For a more exhaustive analysis, Whole Genome Sequencing (WGS) sequences the entire genome, including both coding and non-coding regions. While more expensive and computationally intensive, WGS offers the most complete picture of all mutations present. This can be useful in research for discovering novel mutations and understanding the broader landscape of genomic instability.

In many clinical scenarios, a focused approach called targeted gene panel sequencing is used. This method analyzes a specific set of genes known to be associated with a particular disease, such as cancer. Targeted panels are faster and require less DNA, making them practical for routine diagnostic use. The final mutation burden is reported as the number of mutations per megabase (Mut/Mb) of DNA sequenced, providing a standardized metric for comparison.

Clinical Relevance of Mutation Burden

The measurement of mutation burden has applications in clinical practice, especially in oncology. It serves as a biomarker to predict how a patient might respond to certain treatments, particularly immunotherapies. This predictive capacity is a tool in tailoring cancer therapy to a patient’s tumor, a practice known as precision medicine.

A high tumor mutation burden (TMB) is associated with a better response to immunotherapy drugs called immune checkpoint inhibitors. These drugs work by releasing the natural brakes on the immune system, allowing it to attack cancer cells more effectively. A high number of mutations can lead to the production of abnormal proteins, known as neoantigens, on the surface of cancer cells.

These neoantigens act as flags that make the tumor cells appear foreign to the immune system, providing more targets for T-cells to identify. When a patient with a high-TMB tumor receives an immune checkpoint inhibitor, their re-activated immune system has a greater chance of mounting an effective anti-tumor response. This correlation has been observed across various cancer types, including melanoma and non-small cell lung cancer.

Beyond predicting treatment response, mutation burden can also have prognostic value, offering insights into the likely course of the disease. In some cancers, a high TMB is linked to different survival rates, independent of the treatment received. The specific relationship between TMB and prognosis can vary between cancer types, highlighting the complex role that genomic instability plays.

Variability in Mutation Burden

The number of mutations found in a tumor varies considerably across cancer types and even between individuals with the same cancer. This variability results from multiple factors, including the source of the mutations and the body’s ability to repair DNA damage. These factors help explain why some cancers are more genetically complex than others.

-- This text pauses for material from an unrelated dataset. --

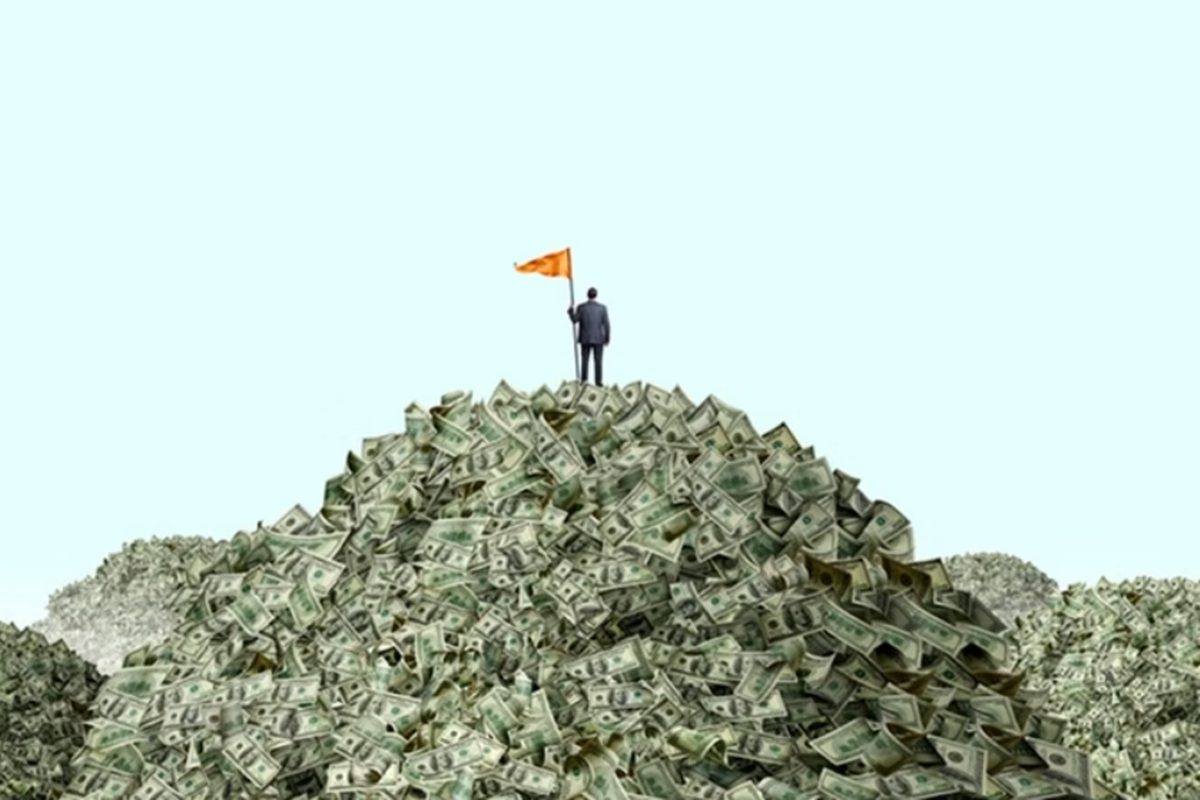 Brasil tem 433 mil pessoas com mais de US$ 1 milhão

Different cancer types exhibit a wide range of mutation burdens. For example, melanomas, which are often caused by extensive exposure to UV radiation, tend to have a very high TMB. In contrast, many pediatric cancers and certain types of leukemia show a low TMB, as they are not linked to the same degree of long-term mutagen exposure.

An individual’s inherent ability to repair DNA damage is another source of variation. Some people have inherited conditions, such as Lynch syndrome, that impair their DNA mismatch repair systems. This deficiency leads to a much higher rate of mutation accumulation, resulting in a high TMB across various tumor types.

Other factors also contribute to the differences observed. The type and duration of exposure to a mutagen, like the number of years a person has smoked, can directly influence the mutation count in lung cancer. Age is also a factor, as mutations accumulate over a lifetime. The mutation burden can even vary within a single tumor, a phenomenon known as intratumor heterogeneity.